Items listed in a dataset
++++++

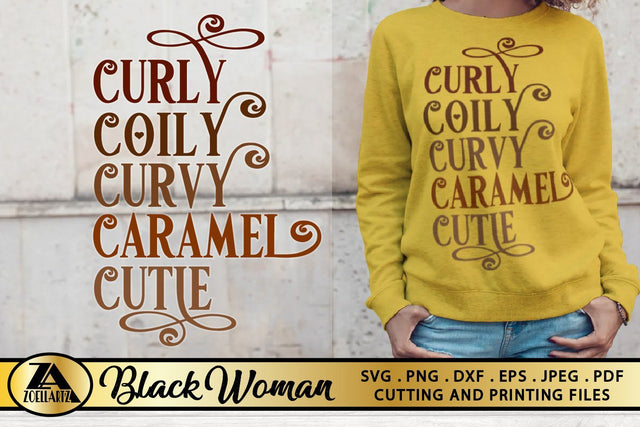 Black Woman SVG PNG EPS DXF Black Girl Magic SVG AFRO SVG SVG zoellartz 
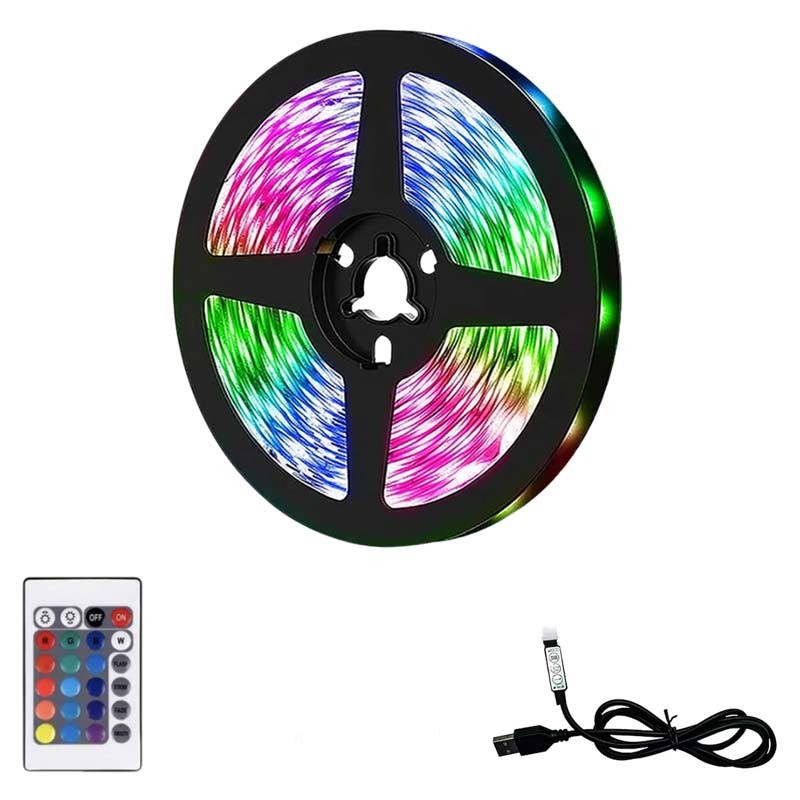 RGB LED ленти со далечински управувач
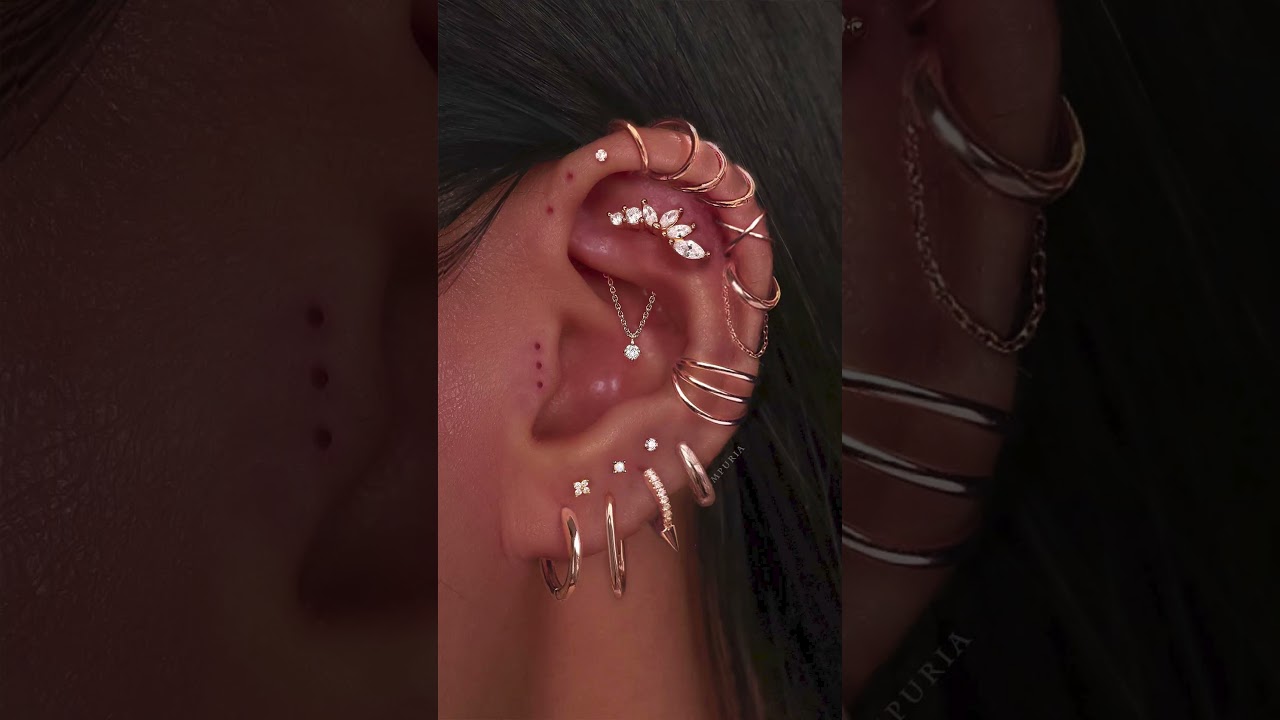 pendientes efecto multiple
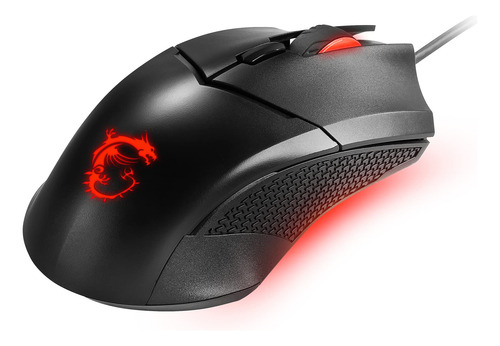 Ratón Óptico Para Juegos Msi Clutch Gm08 4200 Dpi Con Cable
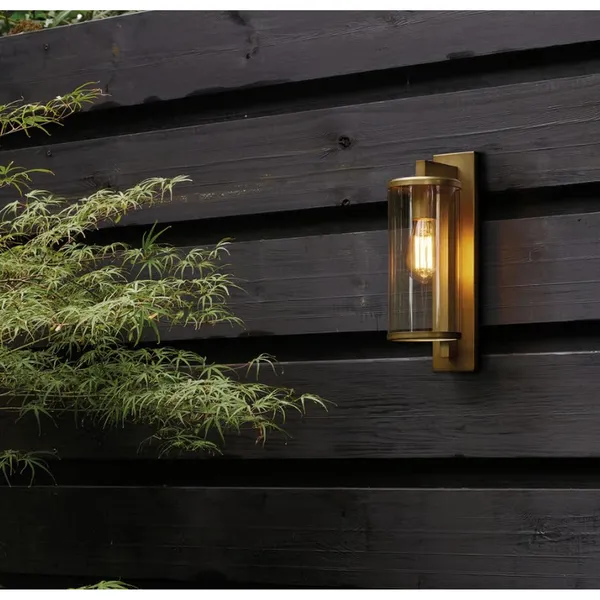Pimlico 400 Vegglampe Messing
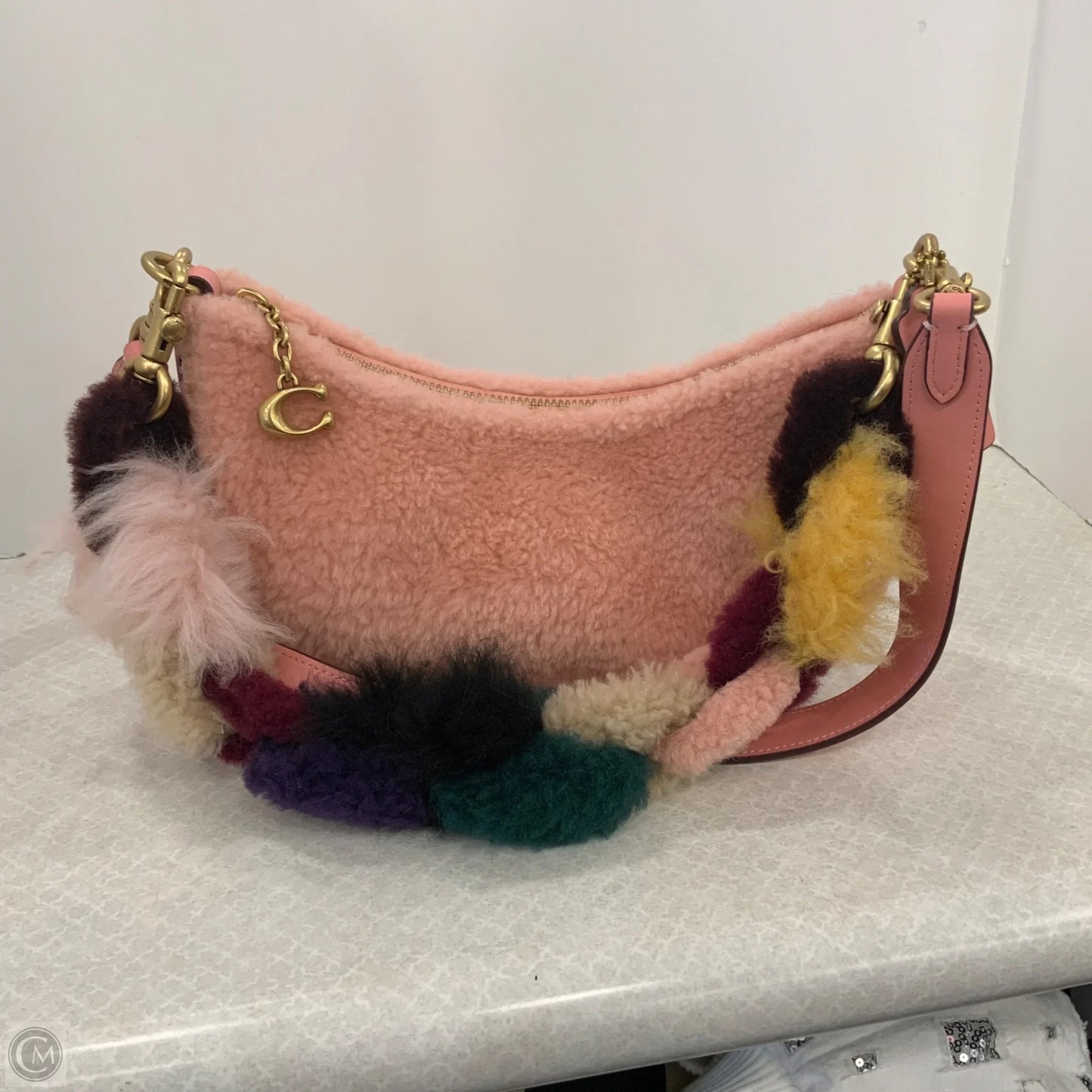 Handbag Designer By Coach, Size: Medium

++++++

_Your objective_:
The records above should be duplicated exactly, with none of their pictures kept.

_Solution_:
 Black Woman SVG PNG EPS DXF Black Girl Magic SVG AFRO SVG SVG zoellartz 
 RGB LED ленти со далечински управувач
 pendientes efecto multiple
 Ratón Óptico Para Juegos Msi Clutch Gm08 4200 Dpi Con Cable
Pimlico 400 Vegglampe Messing
 Handbag Designer By Coach, Size: Medium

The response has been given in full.